Berdasarkan verifikasi terhadap Kementerian Komunikasi dan Informatika (Kominfo) serta Polda Metro Jaya, tidak ada catatan kasus pencurian data massal hanya dengan pemindaian kode QR. Pihak Kominfo melalui kanal resminya menyatakan pesan tersebut adalah hoaks lama yang kembali beredar dengan sedikit modifikasi.

Penjelasan Teknis

Kepala Unit Siber Direktorat Reserse Kriminal Khusus, dalam pernyataannya, menegaskan bahwa kode QR hanya berfungsi sebagai pengarah ke tautan atau teks. Kode QR tidak bisa langsung menguras data apalagi menghapus isi ponsel tanpa interaksi lebih lanjut dari pengguna, seperti memberikan izin instalasi aplikasi berbahaya atau mengisi kredensial pada situs palsu.

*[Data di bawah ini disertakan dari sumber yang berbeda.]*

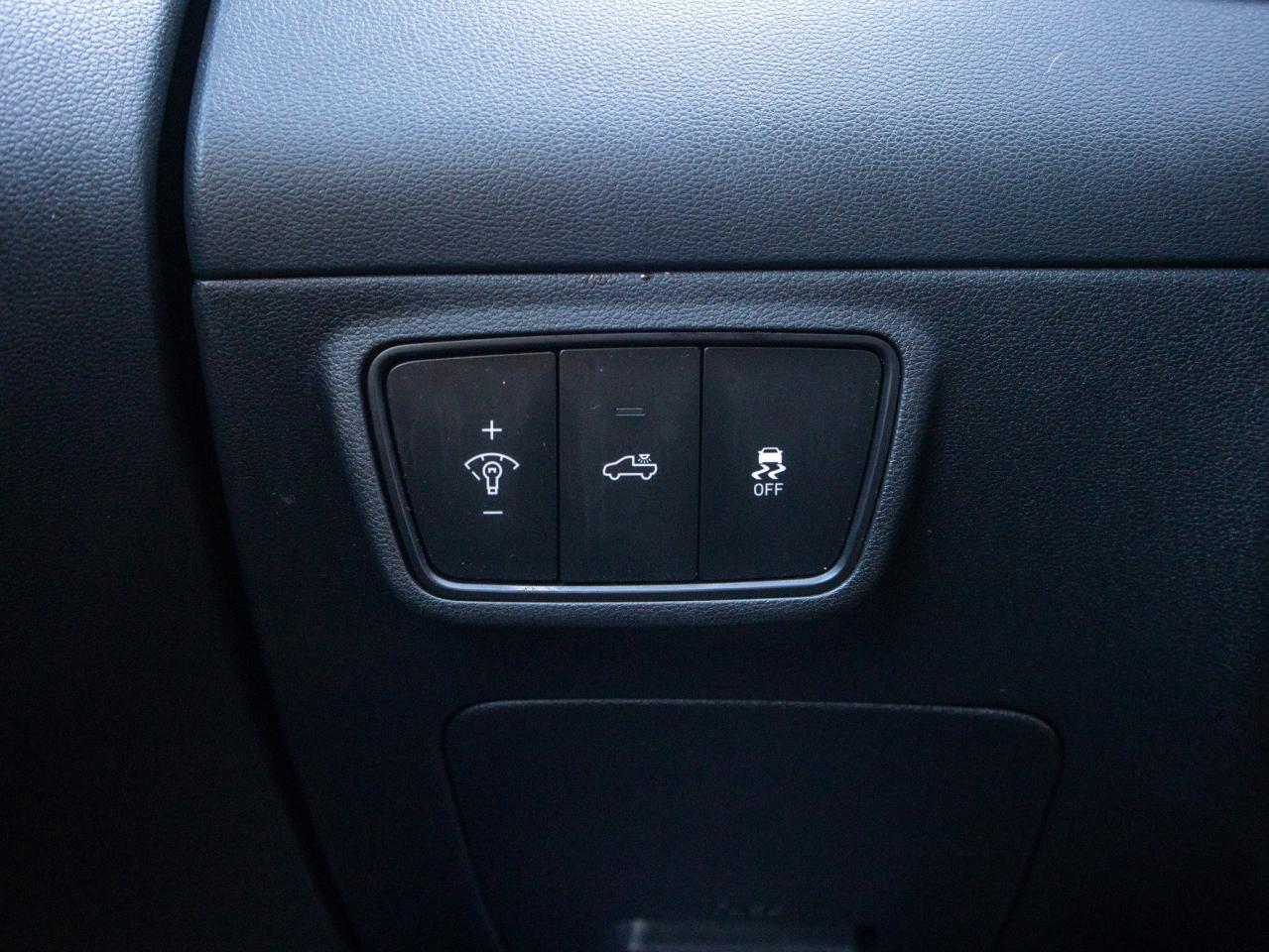 2024 Hyundai Santa Cruz Trend - Heated Steering, Adaptive Cruise Control Photo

Faktanya adalah, pemindaian kode QR semata tidak akan menyebabkan kerusakan perangkat atau pencurian data. Serangan siber baru bisa terjadi bila pengguna melakukan tindakan tambahan setelah pemindaian, seperti mengunduh aplikasi tak dikenal atau memberikan informasi sensitif. Dengan demikian, klaim bahwa pemindaian kode QR langsung mematikan ponsel adalah tidak akurat dan bertentangan dengan prinsip dasar keamanan perangkat.

Motif Penyebaran Hoaks

Pesan berantai ini termasuk kategori hoaks yang bertujuan menciptakan kepanikan. Polanya selalu sama: mencatut nama instansi, lokasi kejadian yang spesifik, dan meminta penyebaran secepatnya. Penyebar hoaks memanfaatkan emosi penerima agar tidak sempat berpikir kritis dan langsung membagikan pesan.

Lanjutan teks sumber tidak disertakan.